You are viewing a plain text version of this content. The canonical link for it is here.
Posted to user@giraph.apache.org by Ferenc Béres <fe...@gmail.com> on 2014/06/19 10:02:47 UTC

How to output into multiple files through a GiraphJob

Hi Everyone,

Currently I'm working on an ALS implementation in giraph 1.1.0 and I would
like to output the values of the vertices into multiple output files, but I
could not figure it out how to do it.

I found that in Hadoop it can be done by using
*org.apache.hadoop.mapreduce.lib.output.MultipleOutputs<KEYOUT,VALUEOUT>,
*but it didn't work with the GiraphJob.

Is it possible to output into multiple files by configuring the GiraphJob,
or there is an other way?

I would appreciate any idea in this matter.

Thank you,
Ferenc Béres

Re: How to output into multiple files through a GiraphJob

Posted by Ferenc Béres <fe...@gmail.com>.
Hi John,

Yes, I also maintain several states within my vertex values so I use
BasicComputation.

Regarding the output I use this configuration:
GiraphConfiguration conf = new GiraphConfiguration();

 conf.setVertexOutputFormatClass(ColumnOutputFormat.class);
     FileOutputFormat.setOutputPath(giraphJob.getInternalJob(), resultPath);

(ColumnOutputFormat extends TextVertexOutputFormat)
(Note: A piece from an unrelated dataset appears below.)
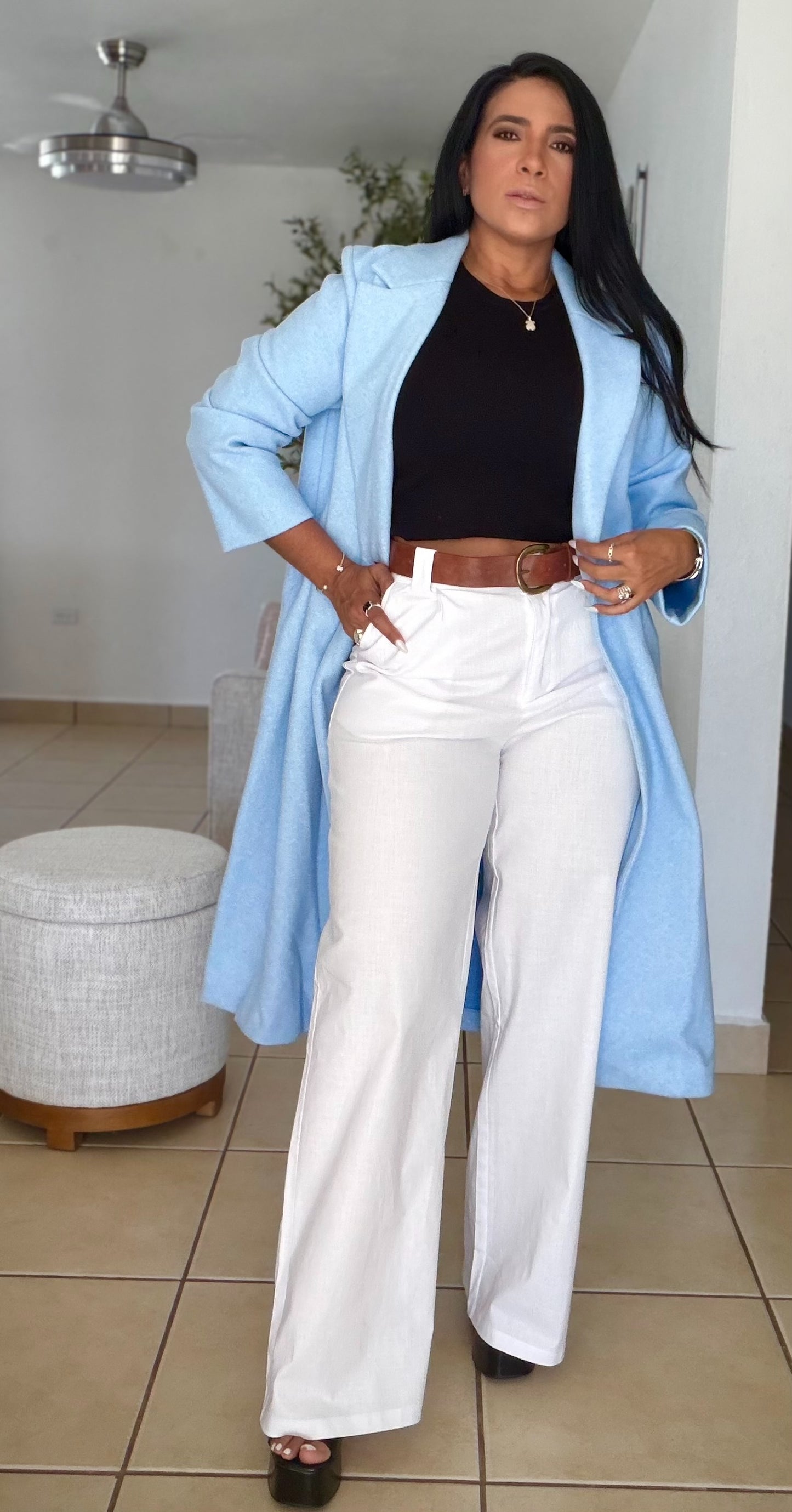 Y definitvamente es mío!! Omg! White Luxe Linen Spandex Pants (incluye correa y es bien expandible!)Wide Leg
But how could I set multiple output path's for my GiraphJob?  Maybe I'm
wrong but as I've seen it only one outputformat and outputpath can be
configured for the job.

Can you give me a short code example, how should I configure the GiraphJob
or the VertexOutputFormat to achieve multiple output file usage? :)

Thank you,
Ferenc




2014-06-19 14:02 GMT+02:00 John Yost <so...@gmail.com>:

> Hi Ferenc,
>
> I have an Giraph job that outputs from the Computation class as opposed to
> the MasterCompute because I need to maintain alot of state within
> VertexValues as opposed to Aggregators.  This is one way of outputting
> results as multiple files.  I am assuming that you want to scope output
> files per sub-graph groupings of vertices, of course. :)
>
> --John
>
>
> On Thu, Jun 19, 2014 at 4:02 AM, Ferenc Béres <fe...@gmail.com> wrote:
>
>> Hi Everyone,
>>
>> Currently I'm working on an ALS implementation in giraph 1.1.0 and I
>> would like to output the values of the vertices into multiple output files,
>> but I could not figure it out how to do it.
>>
>> I found that in Hadoop it can be done by using *org.apache.hadoop.mapreduce.lib.output.MultipleOutputs<KEYOUT,VALUEOUT>,
>> *but it didn't work with the GiraphJob.
>>
>> Is it possible to output into multiple files by configuring the
>> GiraphJob, or there is an other way?
>>
>> I would appreciate any idea in this matter.
>>
>> Thank you,
>> Ferenc Béres
>>
>
>

Re: How to output into multiple files through a GiraphJob

Posted by John Yost <so...@gmail.com>.
Hi Ferenc,

I have an Giraph job that outputs from the Computation class as opposed to
the MasterCompute because I need to maintain alot of state within
VertexValues as opposed to Aggregators.  This is one way of outputting
results as multiple files.  I am assuming that you want to scope output
files per sub-graph groupings of vertices, of course. :)

--John


On Thu, Jun 19, 2014 at 4:02 AM, Ferenc Béres <fe...@gmail.com> wrote:

> Hi Everyone,
>
> Currently I'm working on an ALS implementation in giraph 1.1.0 and I would
> like to output the values of the vertices into multiple output files, but I
> could not figure it out how to do it.
>
> I found that in Hadoop it can be done by using *org.apache.hadoop.mapreduce.lib.output.MultipleOutputs<KEYOUT,VALUEOUT>,
> *but it didn't work with the GiraphJob.
>
> Is it possible to output into multiple files by configuring the GiraphJob,
> or there is an other way?
>
> I would appreciate any idea in this matter.
>
> Thank you,
> Ferenc Béres
>